What was the process like of putting together Parallel Lives? Although the stories were written at different times, they definitely feel very cohesive as a collection.
There’s about seven years between [making] the first and last story, so I just collected the stories and put them together in a book, though initially there was no plan to do that. Making it a whole seemed like a good idea; it kind of happened by itself. Certain things are always on my mind, it seems, but it’s not a thing I can control very well. When I make the stories I let my imagination try to be free and see what happens, but it’s coincidence they fit together. A lot of these are about some kind of attempt at human communication in different forms, people looking for connection with another, though not necessarily another human. A lot of it comes back to that.
While the book is very much sci-fi, a lot of the themes it touches on—the hint at a sort of computer controlling us in our head, or an app that changes our appearance, aren’t too far from the reality. Was that deliberate?
Making sci-fi seemed kind of appealing to me, because I always wanted to do those stories but when I started working on them they became more contemporary stories. I can’t seem to go completely science fiction mode and make it just about monsters or something, so in the end it’s something that’s much more about my daily life than anything more far-fetched.
“Whenever you’re writing a story it’s somehow about yourself”
You—or a character that has a variation of your name—is the protagonist throughout the stories. Why’s that? Are you, the person I’m speaking to now, any of those people or none of them?
That’s something I started to do a long time ago. I developed this alter ego figure that looks a bit like me, but in the end is quite different and leads a life of its own and has its own ideas. I build on it whenever I make a new story, but the idea is that whenever you’re writing a story it’s somehow about yourself. There’s variations on that, and clearly it’s not autobiographical, but it’s kind of personal in an oblique way. There’s some personal content but not in a direct way. I’m none of them or all of them.
I read somewhere that you like to use “intentional confusion” in your work. What does that mean?
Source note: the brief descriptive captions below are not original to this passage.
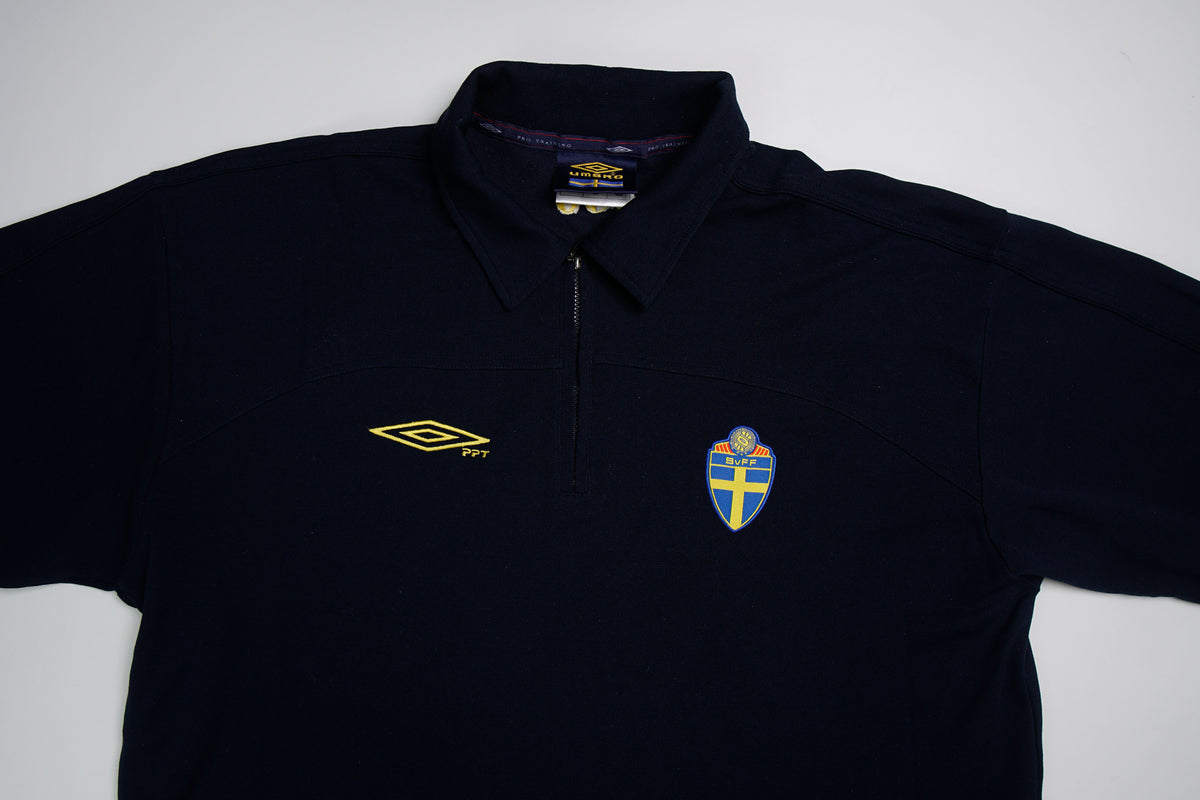 Vintage Umbro Sweden Poloshirt | XXL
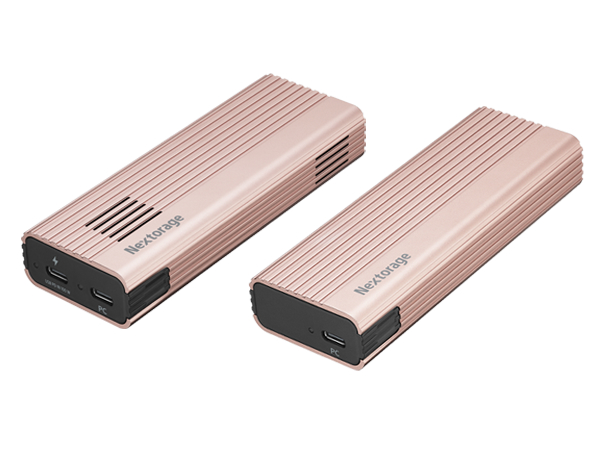 Корпус M.2 SSD Nextorage NX-EN1PRO с вентилятором и поддержкой USB PD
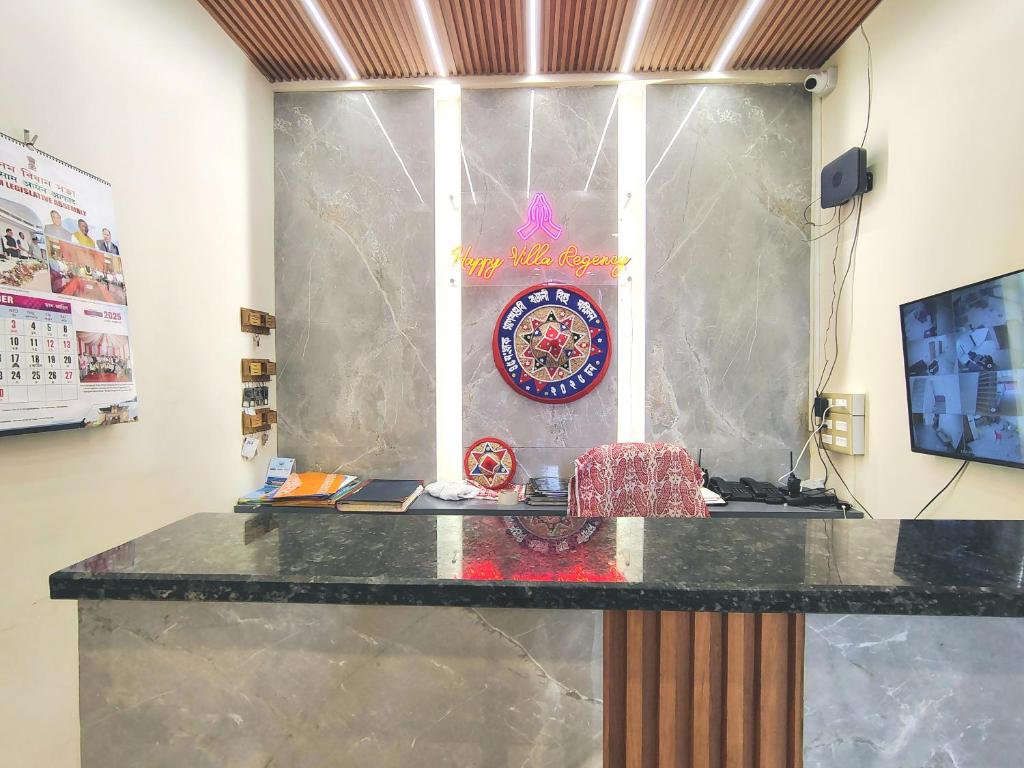 Μια τηλεόραση ή/και κέντρο ψυχαγωγίας στο Happy Villa Regency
I don’t know, maybe I was just confused! But I do try to confuse myself—I don’t like ideas to be clear cut, so I try to make them problematic because then I can find new ideas and go a bit outside of what might be a more cliched way of handling a story. I try anything to come up with a story that’s a bit more unusual; so confusing myself is a part of it. When you read my stories my hope is that you have to transport yourself into them, even though what’s going on can be very fairytale-like.
Where do these stories begin—I mean, what might trigger a certain plot line or character, and does the image or the text come first?
I have these notebooks that are full of random streams of consciousnesses, and a lot of it is just random and very uninteresting but sometimes I start writing something and then an image pops up and it propels itself. I feel like I’m not so much writing the story but seeing what might happen when one thing takes off. Nowadays mostly the words come first. I used to work the other way round and become fixated on an image, but I’d often get stuck as it was just a visual thing I had and that didn’t have enough meat on it or enough context or whatever. But it’s a difficult balance: sometimes it’s a good story but when I draw it, it might be difficult to balance what’s visually appealing with a narrative quality. Where it comes from is just a mass of things swirling around my head. When I’m working I just leave YouTube on autoplay so things all blend together and get inside my head.